Si no fuera siniestro, uno de los espectáculos más fascinantes que nos depara la actualidad es el nuevo decorado de la mentira. Hasta ahora estábamos acostumbrados a que los mecanismos de poder hacían, por lo general, una utilización política de la mentira a posteriori: desde la más doméstica que abría las puertas a los pequeños réditos inmediatos hasta las más sofisticadas estrategias de los enormes engranajes estatales.

Sabíamos con notable precisión que la gran historia era la sedimentación de las múltiples ficciones acogidas por las sucesivas épocas porque nosotros mismos lo habíamos podido constatar con respecto a la nuestra propia. Cuando uno ha llegado ya a los 30 años, a no ser que sea un estúpido decidido, lleva sobre sus espaldas las suficientes mentiras personalmente contrastadas como para no hacerse demasiadas ilusiones sobre la futura objetividad de las crónicas sobre su tiempo.

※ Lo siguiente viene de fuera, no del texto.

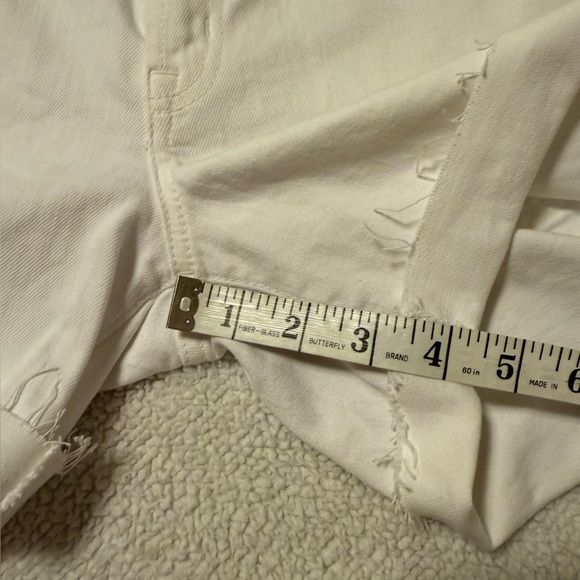 GAP Optic White 5" Mid Rise Girlfriend Cutoff Cuffed Jean Shorts Denim - Picture 8 of 12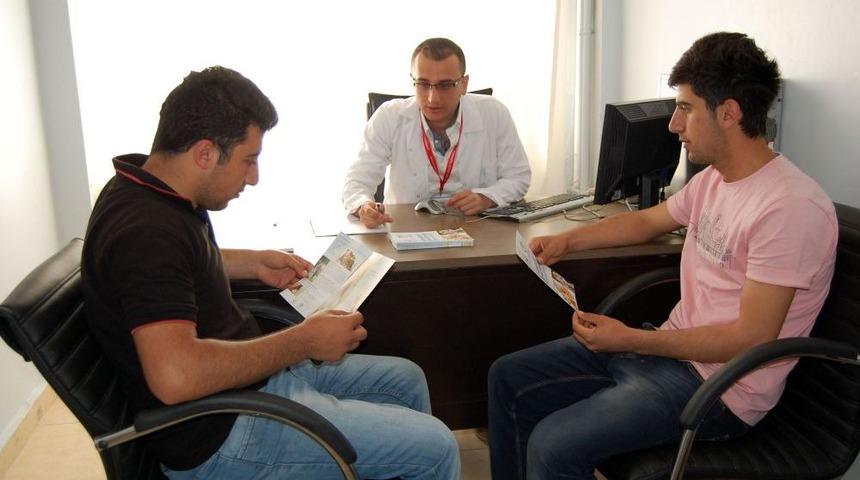 "Obezitenin Nedeni Aşırı Ve Yanlış Beslenme, Fiziksel Aktivite Yetersizliği"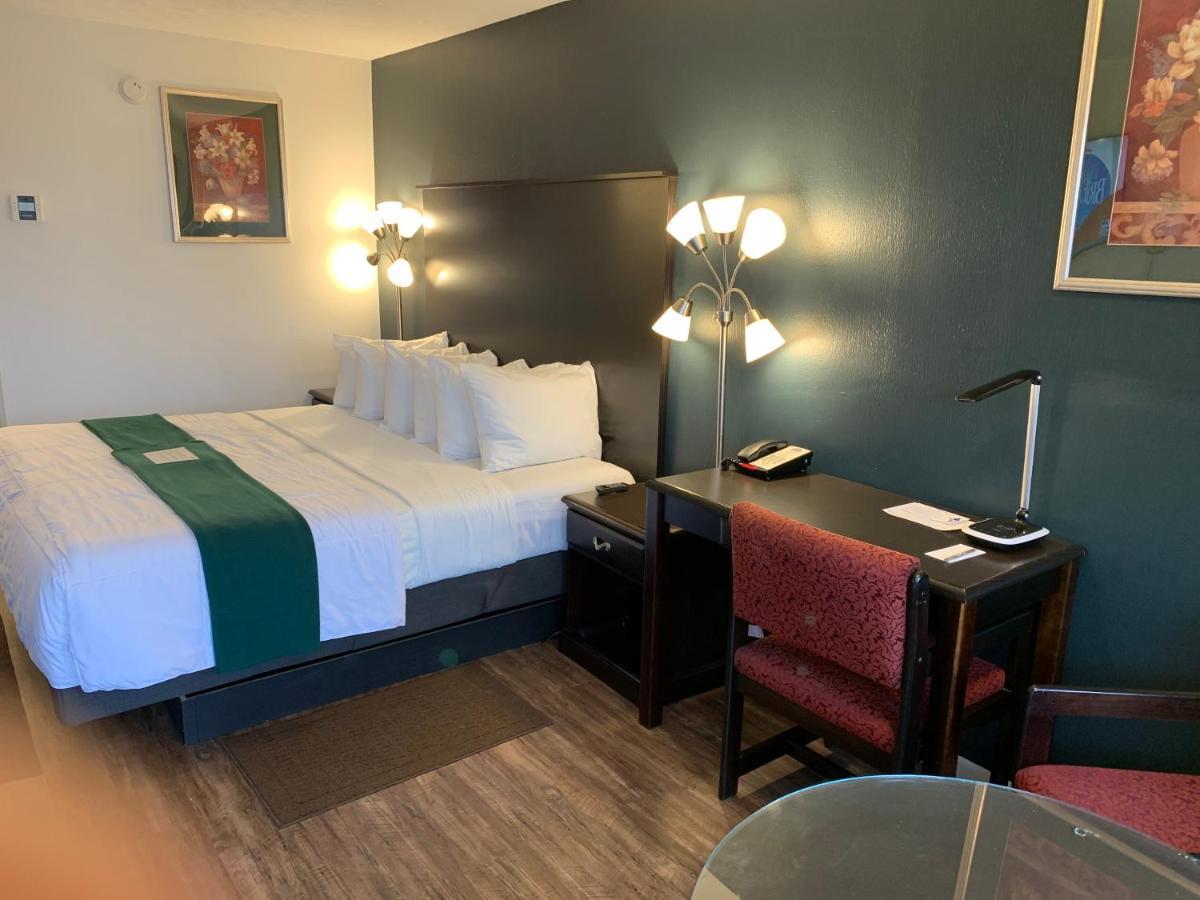 Baymont By Wyndham Petoskey Motel Buitenkant foto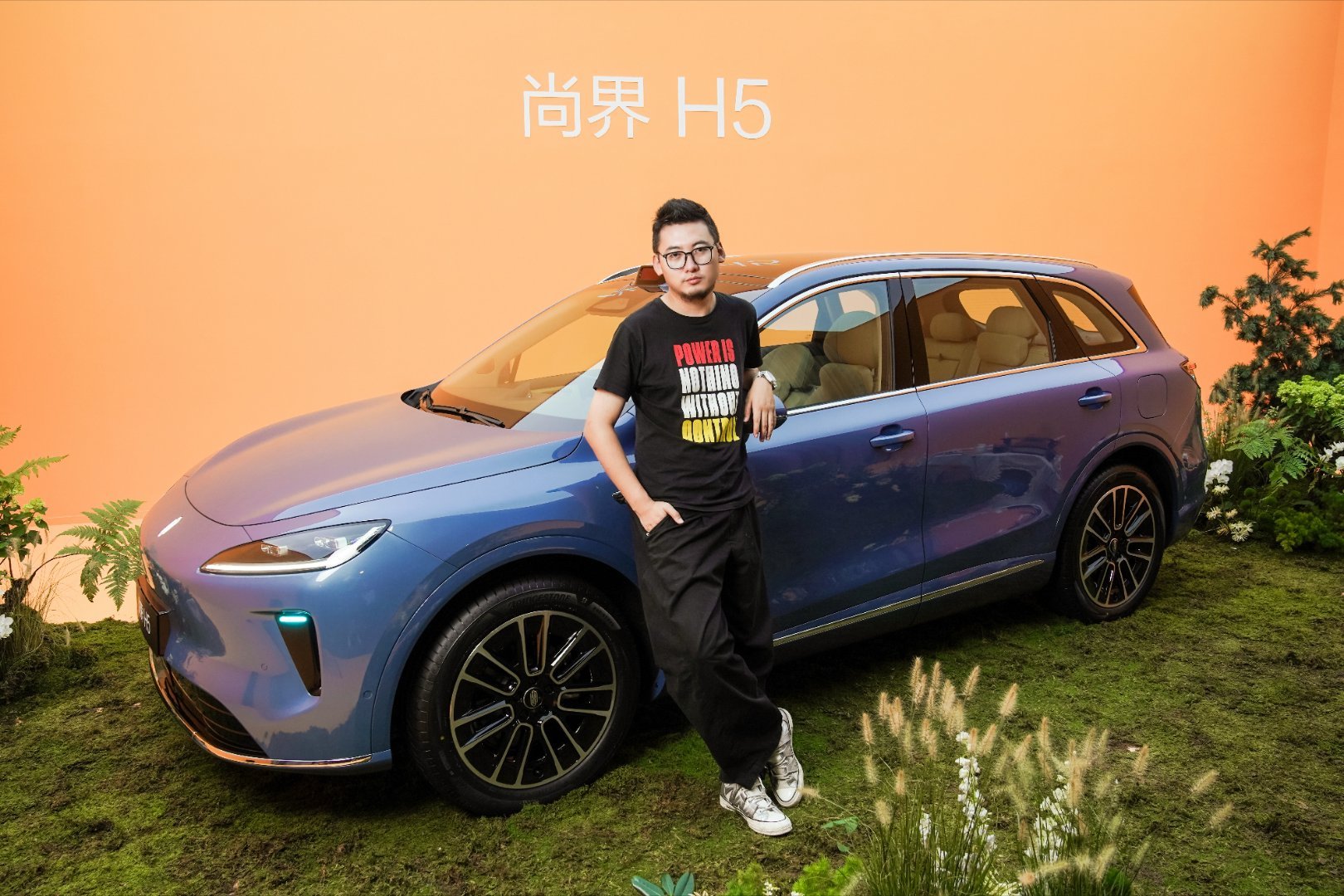 尚界H5或颠覆20万级SUV市场格局我超谁能教教我怎么和车拍照显帅气啊[哭哭][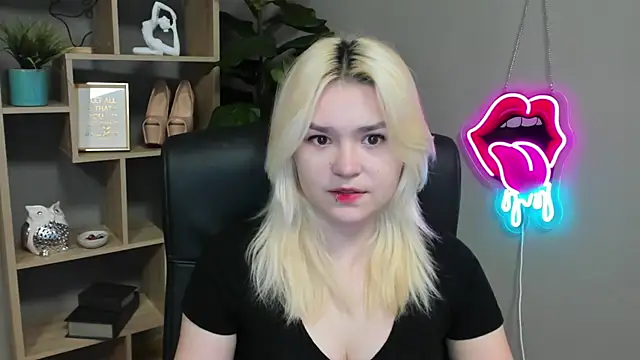 SweetLilyxo online show from 03.15.26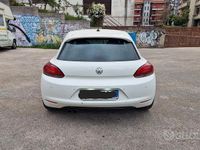 Begagnad VW Scirocco 140 HK (102 kW) 2009 Vit Sportkupé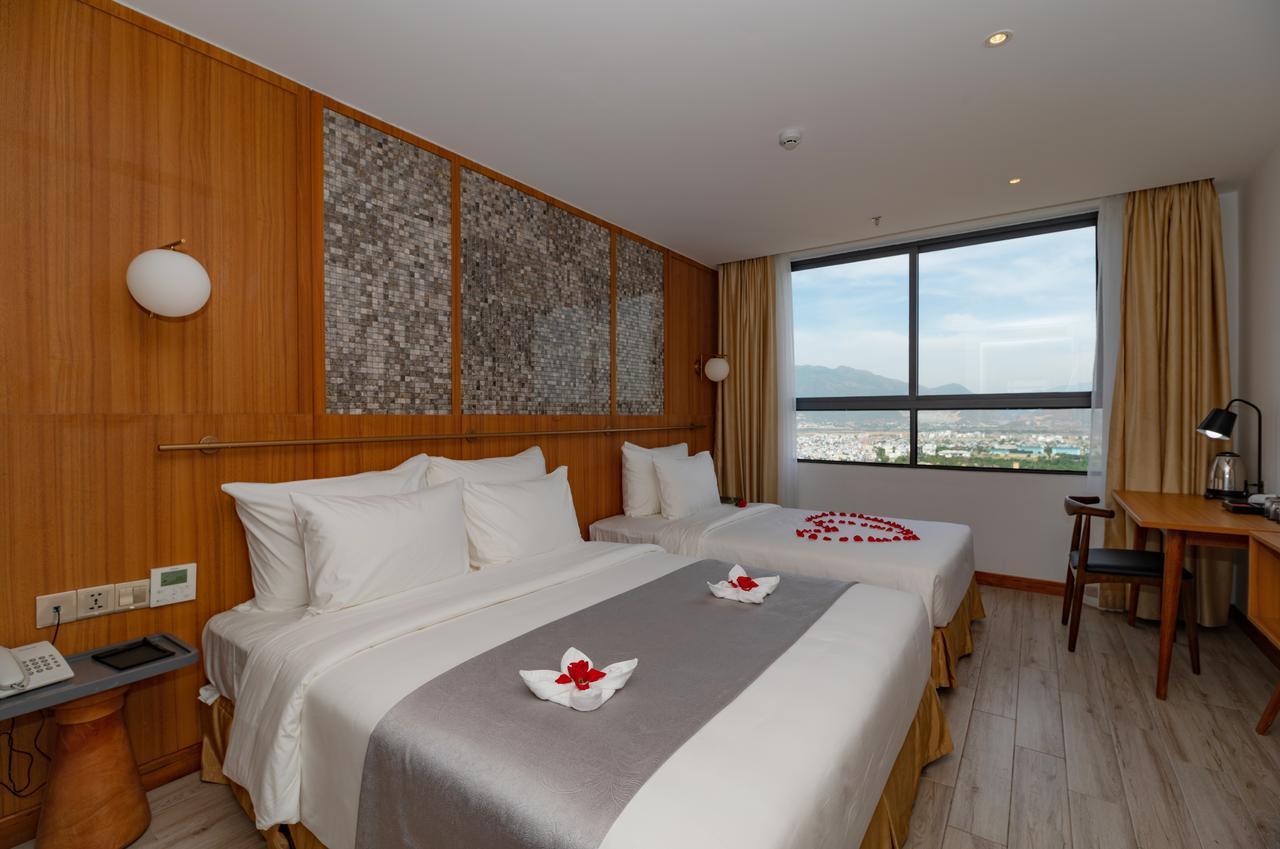Majestic Premium Hotel Nha Trang Exterior photo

A cada década acumulada esta percepción aumenta.

Estamos inmersos en una atmósfera bélica en la que ha dejado de ser necesario disimular el uso de la mentira

Más sorprendente es, sin embargo, el actual uso a priori de la mentira, quizá una de las grandes novedades del recién estrenado siglo XXI. Es posible que la repentina y en gran manera inesperada proliferación de concentraciones de ciudadanos para expresar desacuerdos tenga que ver con una intuitiva protesta contra los renovados instrumentos de la mentira. En las últimas manifestaciones masivas hay, sobre todo, una sensación de alarma que desborda los límites de la mera desconfianza o del escepticismo.

No hay duda, como razón primera, de que la desmedida exhibición de poder por parte de Estados Unidos ha creado una alarma mundial que se justifica desde cauces casi instintivos: aunque sea oscuramente, cualquier sociedad puede albergar inquietud y rebeldía frente a un desequilibrio que, por sus dimensiones hasta ahora inéditas, amenaza con yugular el comportamiento libre de quienes no quieren contemplarse únicamente como súbditos. La existencia de un solo imperio es mucho peor que la coexistencia de varios.

Pero, junto a esta razón contundente, la otra causa de alarma, la nueva mentira -o el uso nuevo de la mentira-, es un factor de extrema importancia puesto que representa un motivo de gran desazón para los ciudadanos que aún se empeñan en considerarse como tales ante la frecuente usurpación del espacio público por parte de muchos políticos. Estos días se oye a menudo: "Mienten, saben que mienten y quieren que creamos sus mentiras".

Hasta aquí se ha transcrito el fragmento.